About this exercise: Return exactly the lines below, starting with the one that has "Fleet Robotics" and going on through the one that has "For Fitbit Versa 1 / 2 / Sandy Pink".

(Short web captions)
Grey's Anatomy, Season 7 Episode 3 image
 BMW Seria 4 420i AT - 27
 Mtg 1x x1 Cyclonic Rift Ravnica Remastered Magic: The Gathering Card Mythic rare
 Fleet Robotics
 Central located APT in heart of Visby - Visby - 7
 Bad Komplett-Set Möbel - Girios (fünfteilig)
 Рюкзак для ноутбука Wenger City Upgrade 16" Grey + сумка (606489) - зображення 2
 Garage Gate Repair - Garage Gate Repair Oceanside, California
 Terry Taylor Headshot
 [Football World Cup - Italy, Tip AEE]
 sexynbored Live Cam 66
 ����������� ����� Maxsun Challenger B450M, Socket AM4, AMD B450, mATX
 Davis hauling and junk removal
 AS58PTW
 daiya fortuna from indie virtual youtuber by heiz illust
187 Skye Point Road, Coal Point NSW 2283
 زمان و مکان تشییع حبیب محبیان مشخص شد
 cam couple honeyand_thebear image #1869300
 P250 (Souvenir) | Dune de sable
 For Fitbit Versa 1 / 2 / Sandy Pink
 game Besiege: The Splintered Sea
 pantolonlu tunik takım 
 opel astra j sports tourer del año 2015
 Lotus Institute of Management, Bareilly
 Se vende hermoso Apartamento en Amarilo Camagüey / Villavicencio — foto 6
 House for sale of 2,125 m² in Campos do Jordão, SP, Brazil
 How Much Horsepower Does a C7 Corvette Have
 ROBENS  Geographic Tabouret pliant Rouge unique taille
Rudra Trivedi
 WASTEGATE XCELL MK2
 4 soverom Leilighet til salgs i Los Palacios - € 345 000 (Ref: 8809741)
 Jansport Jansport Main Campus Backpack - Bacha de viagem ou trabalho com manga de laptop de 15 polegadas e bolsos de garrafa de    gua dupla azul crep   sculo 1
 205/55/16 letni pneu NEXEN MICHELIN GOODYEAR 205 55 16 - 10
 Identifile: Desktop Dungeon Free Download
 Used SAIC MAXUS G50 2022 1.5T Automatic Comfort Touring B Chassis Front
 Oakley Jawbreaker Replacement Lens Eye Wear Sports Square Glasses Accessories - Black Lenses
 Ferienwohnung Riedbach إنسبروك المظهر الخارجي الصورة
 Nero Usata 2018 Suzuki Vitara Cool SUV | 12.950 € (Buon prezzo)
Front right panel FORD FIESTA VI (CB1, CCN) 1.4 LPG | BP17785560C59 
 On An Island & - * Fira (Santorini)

Written response:
 Fleet Robotics
 Central located APT in heart of Visby - Visby - 7
 Bad Komplett-Set Möbel - Girios (fünfteilig)
 Рюкзак для ноутбука Wenger City Upgrade 16" Grey + сумка (606489) - зображення 2
 Garage Gate Repair - Garage Gate Repair Oceanside, California
 Terry Taylor Headshot
 [Football World Cup - Italy, Tip AEE]
 sexynbored Live Cam 66
 ����������� ����� Maxsun Challenger B450M, Socket AM4, AMD B450, mATX
 Davis hauling and junk removal
 AS58PTW
 daiya fortuna from indie virtual youtuber by heiz illust
187 Skye Point Road, Coal Point NSW 2283
 زمان و مکان تشییع حبیب محبیان مشخص شد
 cam couple honeyand_thebear image #1869300
 P250 (Souvenir) | Dune de sable
 For Fitbit Versa 1 / 2 / Sandy Pink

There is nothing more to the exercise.